All of that changed when about six months ago Davy Stockbrokers outsourced its print management to Datapac. “We had been toying with the idea for a year or two but couldn’t find anyone. Then the company that did our break and fix work said it could do it. However, at about the same time, we had started buying consumables from Datapac and we noticed from their literature that this was a service it provided. So, we talked to both, compared bids and chose Datapac.”
Datapac’s managed print services, which is marketed under the name Printpac, is aimed at delivering cost savings to companies that do a lot of printing. “It is particularly aimed at organisations that have no idea how much their printing is costing them,” says Edel Creely, Datapac’s general manager. “What we do is carry out an audit with an organisation which can take quite some time to do. We look at the printing environment and do a print count. Then we come back four to six weeks later and do another count.” Based on this information, Datapac can offer a fixed price for managing all of the companies printing.

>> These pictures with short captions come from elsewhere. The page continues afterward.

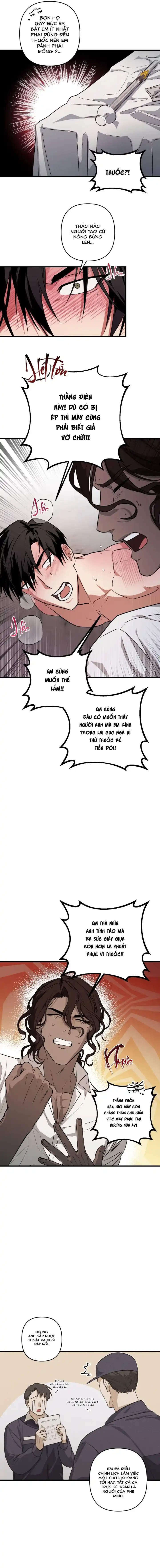 Người cố vấn hoàn hảo Chapter 4 h+++ - Trang 2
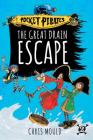 The Great Drain Escape (Pocket Pirates #2) By Chris Mould, Chris Mould (Illustrator) Cover Image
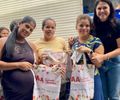 Assistência Social de Branquinha adota ecobags personalizadas para distribuição de alimentos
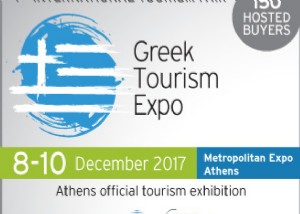 4ème exposition internationale Salon du tourisme grec 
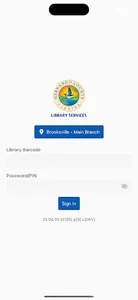 Hernando County Public Library screenshot 0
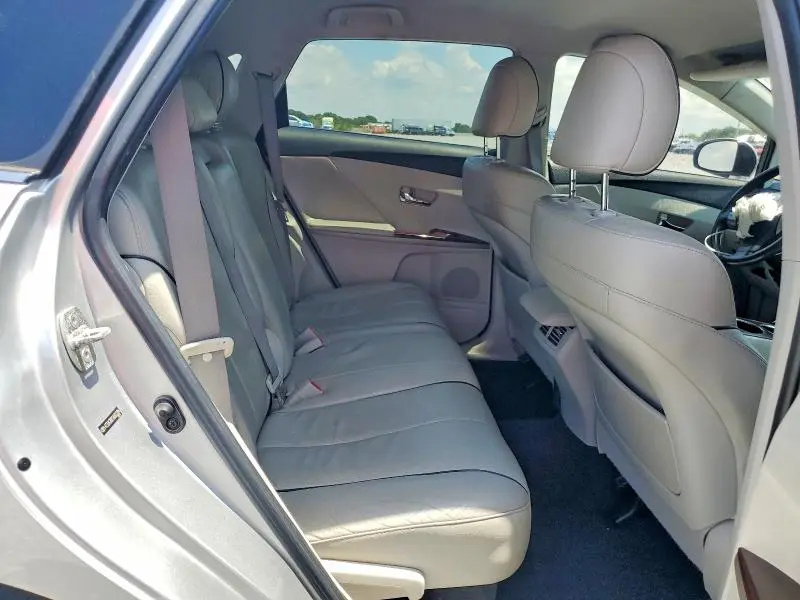 2010 TOYOTA VENZA FWD V6  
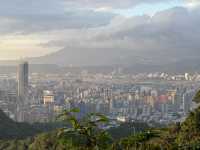 The best spot for city landscape in Taipei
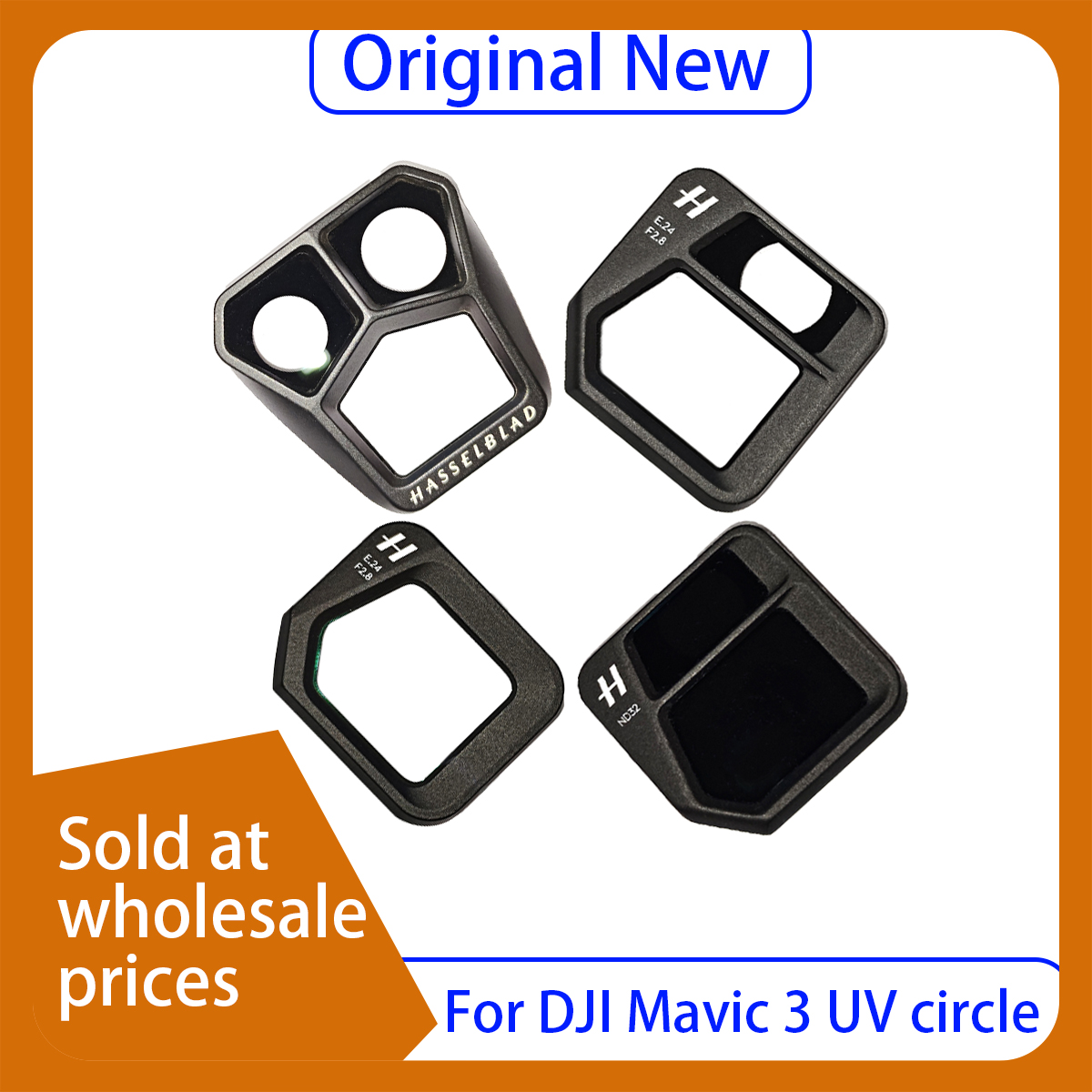 Mavic 3 series gimbal camera U – Drone Camera Filter recenzja i cena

“The key advantage is that we have outsourced full management of our printers,” says Phelan. “An important component of that is the proactive approach Datapac takes. It sends someone in on a regular basis, who sits down with the helpdesk people and talks to them about ongoing issues. They also wander around and look at all of the printers, see which ones are heavily used and need preventive maintenance.”
Another advantage, says Phelan, is that all of the printers are tagged. If someone needs new toner they can simply call the facilities department who can order the toner online for next-day delivery. However, because of the tagging, it is possible to add “intelligence”, so if a printer had a new toner cartridge installed the previous week this will be flagged as a possible problem.
“The final advantage,” says Phelan, “is that we now have a fixed price throughout the year based on the number of printers and our history of usage. Even though our previous maintenance contract was a fixed monthly fee, we had additional expenses for components and toner.” Based on the print audit, Datapac calculates the company’s toner needs for the year and that cost is included in the annual fee.
The Printpac service, however, goes beyond simply maintenance and consumable supply. Because of the nature of Davy’s business, the company has a spike in print output once per quarter. Datapac provides extra capacity in the form of two high-speed printers for one to two weekends per quarter. “We couldn’t justify that sort of printer capacity normally,” he says. In addition, Datapac provides 24-hour support and has replacement printers on standby during the reporting period.
“This helps us to better manage our assets. Our current bill for the year is slightly less than what we spent last year, but we are quite confident that we are getting a much better service and we are expecting the bill to go down again next year,” says Phelan. “I’m pretty certain we are using less consumables and we are buying a lot fewer components than in the past.”